Le moment le plus délicat est la répartition, de façon égale, de la solution de pyroxyline, d’alcool et d’éther sur la plaque en verre qui sert de support à l’image. « On n’a qu’un seul essai », dit Joel Nepper, en balançant adroitement la plaque. « Il peut y avoir des imprévus – là par exemple, il reste un petit trou vierge, qui fera que la photo sera unique ». Et il faut être rapide – la technique du collodion humide exige que le négatif soit préparé, exposé et développé en vingt minutes environ, au risque qu’il ne sèche et ne devienne impossible à développer. Authenticité, naturel, risques du real time : jongler avec le temps et les aléas du travail manuel convient à Joel. « Je ne photographie pas les gens pour les rendre parfaits. Ce qui m’intéresse, c’est de capter les personnes comme elles sont, happer des moments de leur quotidien, avec un brin de poésie ».
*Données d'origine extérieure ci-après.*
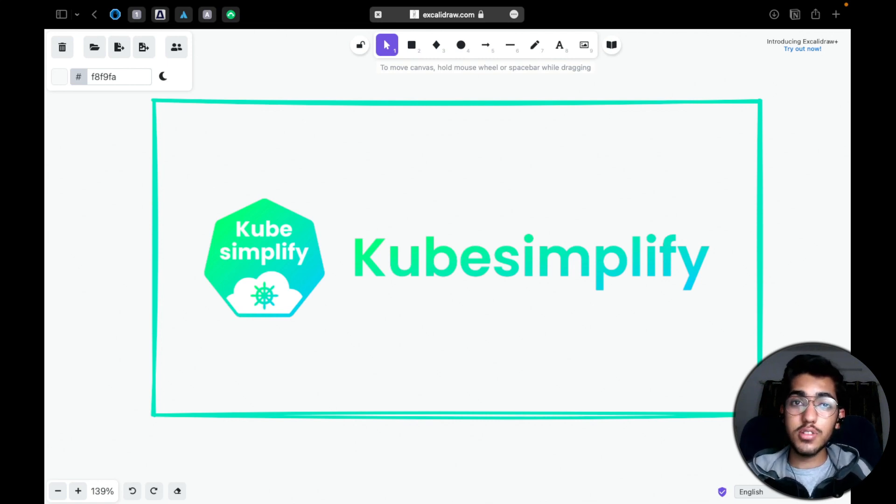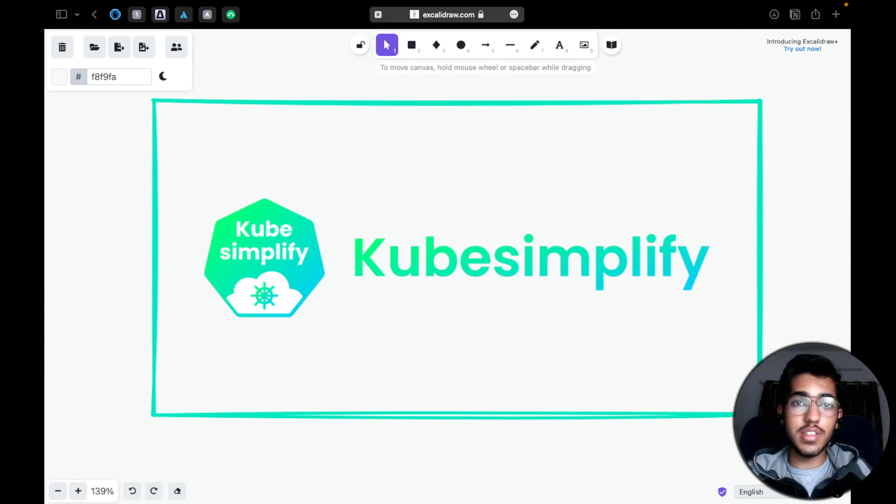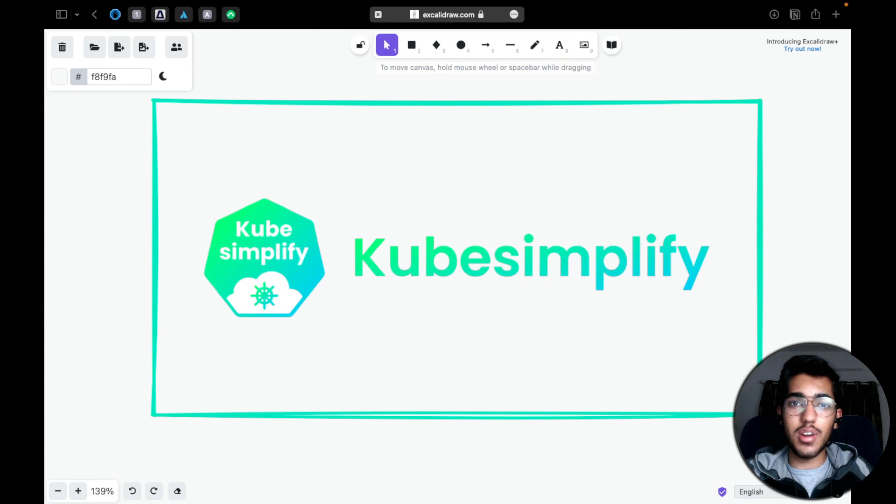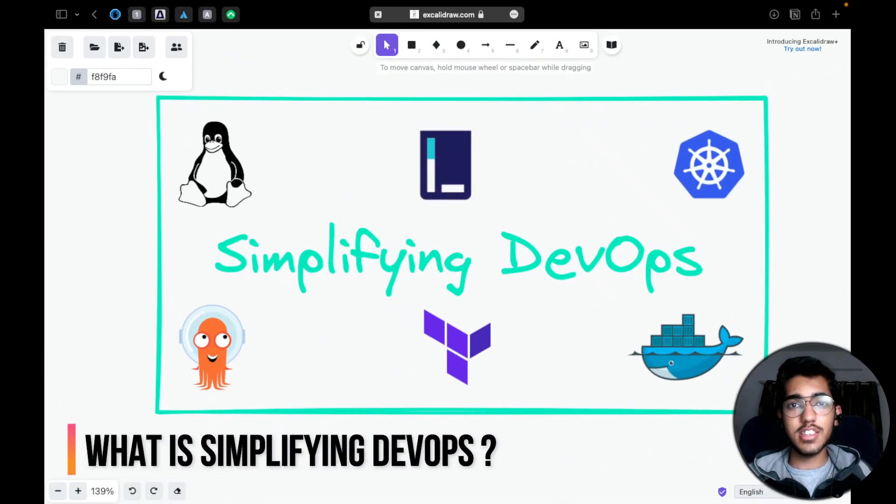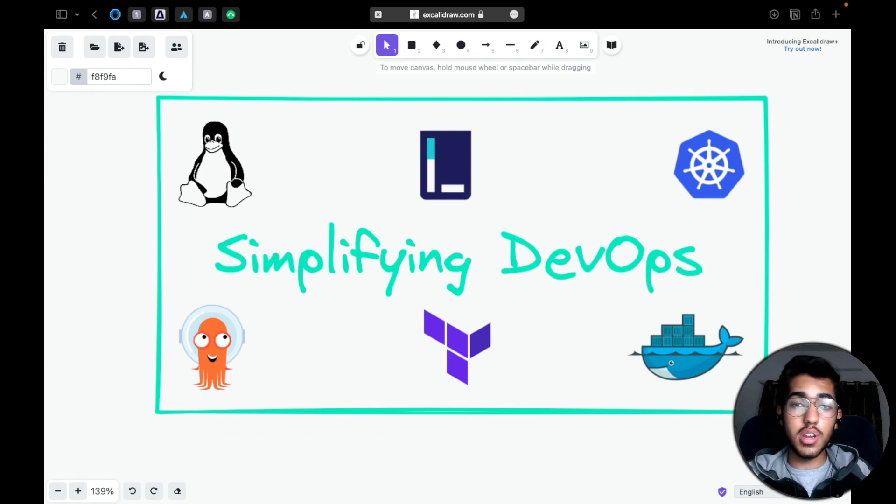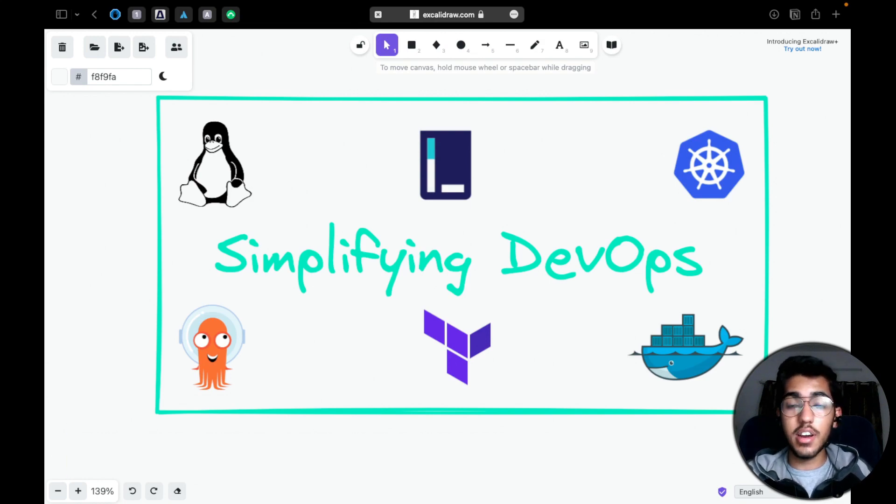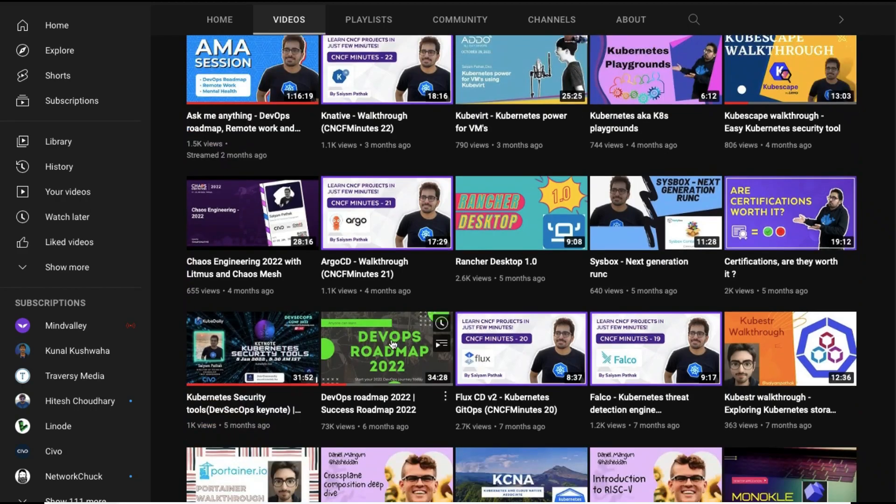And also, this is an announcement video. So we are actually starting off with an amazing series for you all, which is called Simplifying DevOps. So what exactly is Simplifying DevOps? Now if you've been following Sayyam for a long time now, you would definitely know that he has actually created a roadmap for anyone who just wants to get started in DevOps.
Le collodion est une technique ancienne, datant du milieu du XIXe siècle, mais qui jouit d’un certain renouveau. Peut-être parce qu’en rendant les images avec une grande finesse du grain et une large gamme de gris, elle confère à la photo une matérialité perdue à l’ère du numérique, y inclus cet aspect rétro si recherché. L’aura antique se dégage aussi de la boîte en bois vieilli dans laquelle est introduite la plaque en verre. La table du studio ne serait-elle pas parsemée de câbles informatiques, d’un ordinateur portable et d’un magazine d’investissement boursier, on pourrait s’attendre à ce que Joel disparaisse sous un drap noir.
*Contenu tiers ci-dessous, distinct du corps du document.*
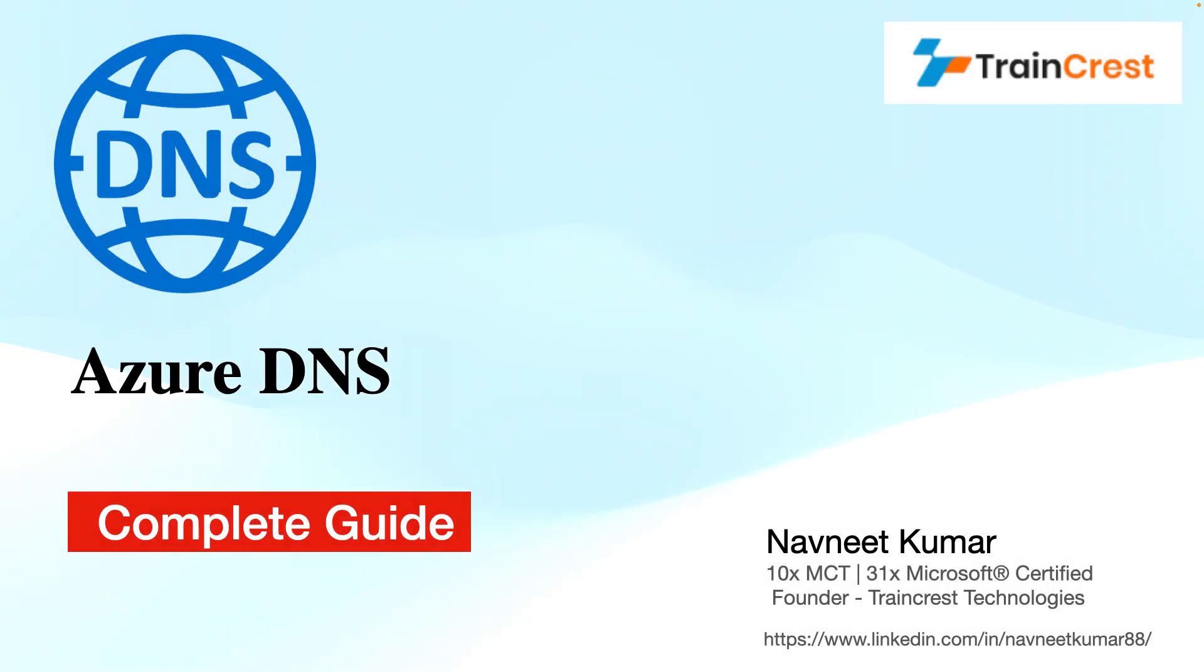Hello and welcome to this tutorial about Azure DNS. My name is Navneet Kumar. I am a Microsoft Certified Trainer and the founder of TrainCrest Technologies.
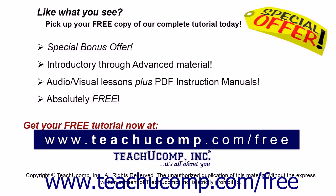Like what you see? Pick up your free copy of the complete tutorial at www.teachyoucomp.com forward slash free.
Le seul à pratiquer la technique au Luxembourg parmi environ 600 « collodionistes » dans le monde, mais aussi membre de collectifs tels que Aka ou Octobre-Rouge, Joel, photographe de formation, vise à contribuer à une « nouvelle vision de la photographie » : « une vue pas forcément validée par les leaders de l’opinion artistique dont il y en a si peu qu’ils passent forcément parfois à côté d’auteurs qui font preuve d’une approche peut-être un peu décalée. « J’ai envie de diffuser une photographie alternative, où les censeurs ne sont pas les mêmes », lance-t-il, les doigts enchevêtrés dans la tasse de café rayée blanc et rouge. « Je veux entraîner les gens dans une perception différente. On est si formaté aujourd’hui, si empêtré dans les clichés qu’on nous apprend à trouver beaux qu’on n’arrive plus à appréhender l’image de façon personnelle ». Boule à zéro, yeux bleus acier, tatouages sur les bras hâlés surgissant sous le simple T-shirt bleu sur un jean défroissé, Joel enveloppe ses mots de cette détermination réfléchie, presque entêtée, qui marque aussi ses gestes, précis quoique empreints d’une certaine… fragilité.
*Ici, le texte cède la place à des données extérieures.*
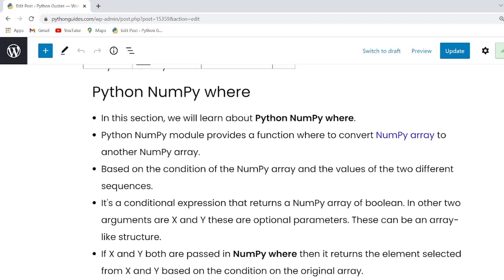It also checks the condition if x and y parameters are passed then it will return a new array by selecting items from x and y. And if x and y arguments are not passed and only condition is passed then it will return the indices of the elements that are true.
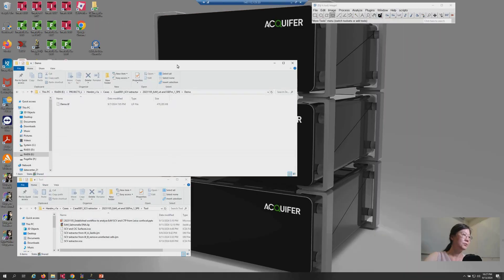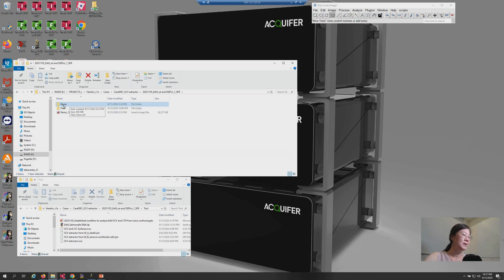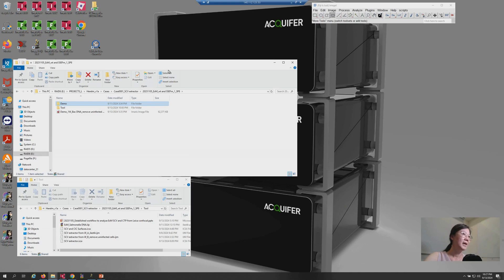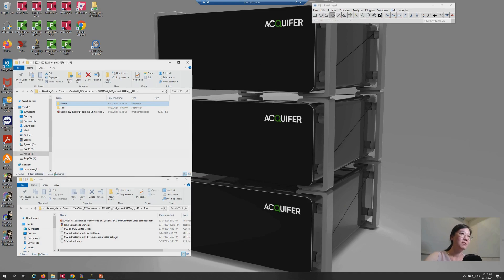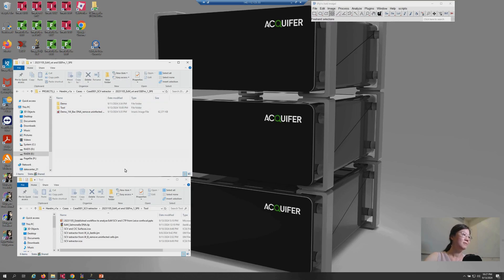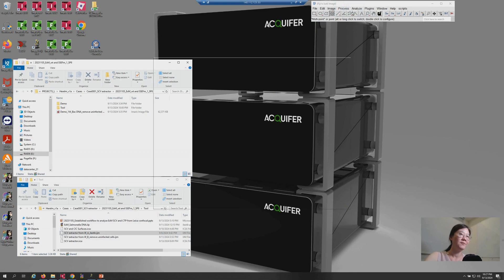For the tools, please generate another folder in order to collect the dataset you want to process. So, here I just call it demo. And then, please launch your Fiji and just drag and drop the script A on Fiji.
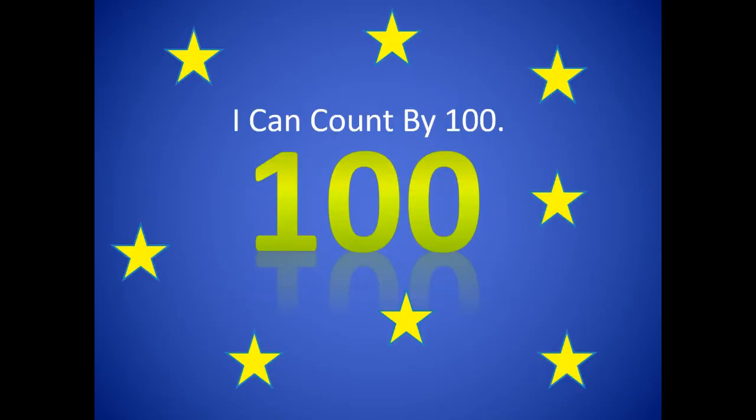Now that we have practiced our song, I know that you're going to be able to say, I can count by 100.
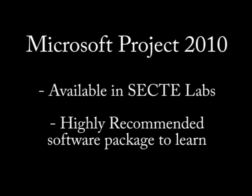Microsoft Project is a powerful project management software application available in the Sektir Laboratories. It is a highly recommended software package to learn.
Il dévoile la signification du tatouage en lettres russes sur son bras: « Vérité », puis continue à naviguer légèrement entre machine à café, ustensiles photographiques, chambre noire et la boutique qui occupe le rez-de-chaussée et dont la sonnerie retentit à intervalles réguliers. Le concept store Boudoir de l’Avenue Pasteur est son repaire. Il y expose et vend des objets insolites et improbables, portant la marque de son univers surprenant. « Je voulais en faire un lieu intimiste, créatif, urbain, comme je les aime tant dans les grandes villes », dit-t-il, pendant que la radio parle des abois d’Arcelor-Mittal et de leur impact sur l’économie belge. « La galerie au fond sert comme une page d’accueil physique à des artistes photographes que j’apprécie. C’est une plate-forme d’images ».

Parmi ses projets, des séries photographiques qu’il nourrit régulièrement, comme Awakening, une suite d’autoportraits, ou Individuation, mises en scène dans lesquelles il joue avec les notions de temps et de solitude. Il y a aussi les projets en coopération avec le réseau international des collodionistes, menés par un photographe polonais. Et des portraits, beaucoup de portraits. En photographiant des gens, il aime brouiller les pistes, jouer avec le temps et l’espace, produire des clichés qu’on a du mal à situer. « La photo est aussi un moyen de fixer l’éphémère. Beaucoup de gens apprécient offrir une telle empreinte du moment à leurs proches – la photo renaît alors en tant que lien social, investissant un espace que la facilité d’accès du numérique lui a déchu. J’ai envie de plébisciter cette renaissance de la photographie. Au XIXe siècle par exemple, les gens qui se respectaient avaient leur photo sur leur carte de visite, une pratique si utile qui a néanmoins disparu, sauf dans les milieux de l’art. Pourquoi ne reviendrait-elle pas ? » « Je ne vais pas révolutionner le Luxembourg, dit-il encore. Mais je crois à mes engagements, soient-ils solitaires ».